With street photography, you have to be ready to capture moments quickly before they pass or the authenticity fades. Block says it’s important to know your equipment and have it ready to shoot. “When you're dealing with people, you don’t want to be fumbling around and like anything you're shooting, you want to know your equipment. If you buy a brand new camera and go out the next day, you're not ready yet. You want to work with the equipment that feels very comfortable to you. You want to know that your fingers are going to the right dials very quickly, so you can make any adjustments necessary.”

Capture A Compelling Moment 

Anyone can step outside with a camera and start snapping images, but what separates a strong street photo from a weak one? What is it that makes a street photograph compelling? Block says it’s all about capturing real moments. “It would be a moment in time that you capture, that is a real moment as opposed to a setup moment. And the information in the picture would be pretty strong as location goes and personality goes.”

Make Contact To Break The Ice, Then Wait It Out

If you’re doing the kind of street photography where there's a scene or situation going on, and you really want to work it and get more in-depth photos, you have to do it the right way to keep things authentic. “In that case, you usually have to make contact with the person,” explains Block. “When you make contact with the person, and if they agree, then your initial problem is that they're aware of the camera and the real situation has suddenly disappeared. What you need to do then is to wait them out. You just keep shooting until at some point they ignore you and really go back to what they're doing. It’s not always the case, sometimes people will continue right back to what they were doing, but others may suddenly stiffen up. Those are the ones where you need to sort of wait them out or talk them down a bit.”


Photo by Ira Block. Sony Alpha 7C. Sony 40mm f/2.5 G. 1/320-sec., f/6.3, ISO 200

Establish A Territory

In some situations, Block says it makes more sense to establish your own territory and let your subjects enter the scene. “Imagine two people are talking to each other on the street or doing something with each other, and you walk into that situation and start photographing them. You're basically infringing on their territory and so you have to explain what you’re doing. Another way is to find your interesting background or environment that helps tell the story you're trying to tell, and you plant yourself in that environment. You have your cameras out and then you wait for people to walk into that environment. Now you've established a territory and people moving into that territory know there's a photographer there and if they walk into this situation, they may get photographed. To me, it's a psychological thing where someone is more willing to be photographed if they’re coming into my territory rather than me breaking into theirs."

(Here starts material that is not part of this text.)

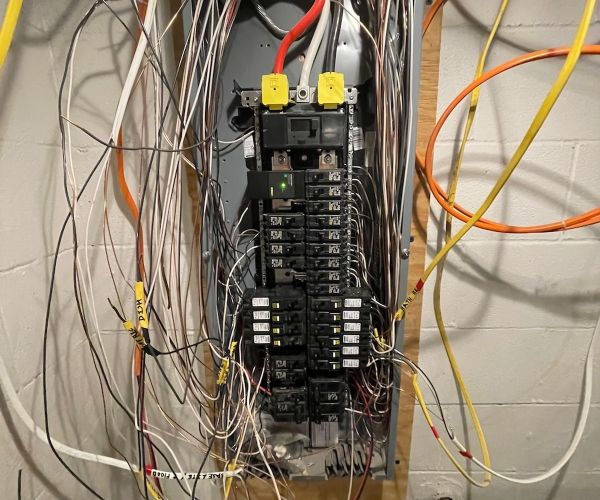 Electrical Panel With Multiple Wires And Breakers In Basement Bowie Md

Photo by Ira Block. Sony Alpha 7C. Sony 40mm f/2.5 G. 1/400-sec., f/4, ISO 800

When In Doubt, Look For Multiple People

If you’re having a hard time capturing a street photo including a person while keeping the moment authentic, you can try to look for groups of people to photograph. “It's harder to capture an authentic moment with just one person doing something,” explains Block. “Whereas if you had two or three people doing something, then it's easier for them to forget you're there because they're focused on their other friends or whatever they're doing. This obviously isn’t a hard rule, but sometimes a single person feels more compromised when you’re there. When there is a group of two to three people, they’re usually having a good time and don’t mind photos being taken.”


Photo by Ira Block. Sony Alpha 7C. Sony 24mm f/2.8 G. 1/1000-sec., f/2.8, ISO 640

Remember, It’s Not About You

Your demeanor as a street photographer will likely have an impact on the images you produce. You might have to practice your approach in order to work it out. “There are little psychological advantages or disadvantages you could have. How you approach people, your demeanor and how open you are can determine their feelings about you photographing them. I’ve found that when you start talking to people, after you tell them what you are doing, the best thing to do is try not to talk about yourself. Instead engage them about what they're doing and listen to them. It's about them, not about you.”